Au jour le jour 518

La solitude tient de la pause, c’est en elle qu’on pourrait presque devenir plaisant s’il n’y avait les tourments et les souvenirs de ceux là mêmes, le tutti quanti de tout ce qui nous a le plus déçu, et que nous ne pouvons que mal digérer…

Toutes nos fictions s’alimentent à partir d’un nulle part intuitif et introspectif…

Tous ces jours où nous fûmes soucieux de tout et de n’importe quoi, nous ont-ils assurés que d’autres étaient soucieux ou s’assuraient de nous ?

J’ai vécu peu d’années sans plumes et sans crayons, et si je n’en eusse possédé, j’aurais écrit sur le sable avec un bâtonnet…


La seule fonction qui ne soit pas de moi, et cela j’en suis certain est celle d’exister, de fonctionner en fait !

Mon regard sur l’homme n’a pas changé depuis quarante ans, et malgré la fatigue qui vient à mes yeux, je le vois tel qu’il est et a toujours été, un ver, luisant, certes, mais de trop de certitudes entre autres, un ver envers et malgré tout, qui transforme ses opinions au gré du sol sur lequel il rampe…


Je repense à ces pouffiasses qui auraient dû mettre du spermicide en bouche avant d'aller dans leurs fadaises et inepties sur les postures qu'elles n'ont jamais su adoptées, tant elles étaient mâtinées par des flagelles et la course aux  imbécillités qui passe par d'autres glandes...

La seule valeur que j’attribue à la vie est qu’on peut s’en débarrasser comme d’un vieux paletot, troué à notre image de toutes parts, et remis en mains propres par un vieil oncle sénile, alcoolique ou les deux à la fois…

Le dégoût des autres, c’est l’exténuation de son propre dégoût, qui venu à son terme ne peut figurer que de l’insignifiance…

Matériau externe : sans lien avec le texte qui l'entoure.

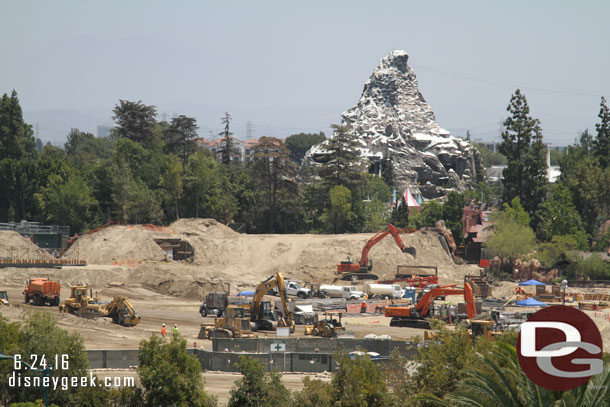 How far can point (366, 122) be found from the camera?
645ft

Ne cherchez pas à vous soigner de quoi que ce soit, la maladie est le plus beau des crépuscules, presque une noble institution, un entre deux parmi les vivants et les morts, et qu’il faut de temps en temps replacer sur le plus haut des sièges…

Depuis plus de quarante ans je me dis que toute forme de mensonge est un doute mal acquis, dans l’inertie de cette parole qu’on aurait voulue équilibrée plus que le chant de la franchise, que le son des éternités à domicile devant un livre ouvert…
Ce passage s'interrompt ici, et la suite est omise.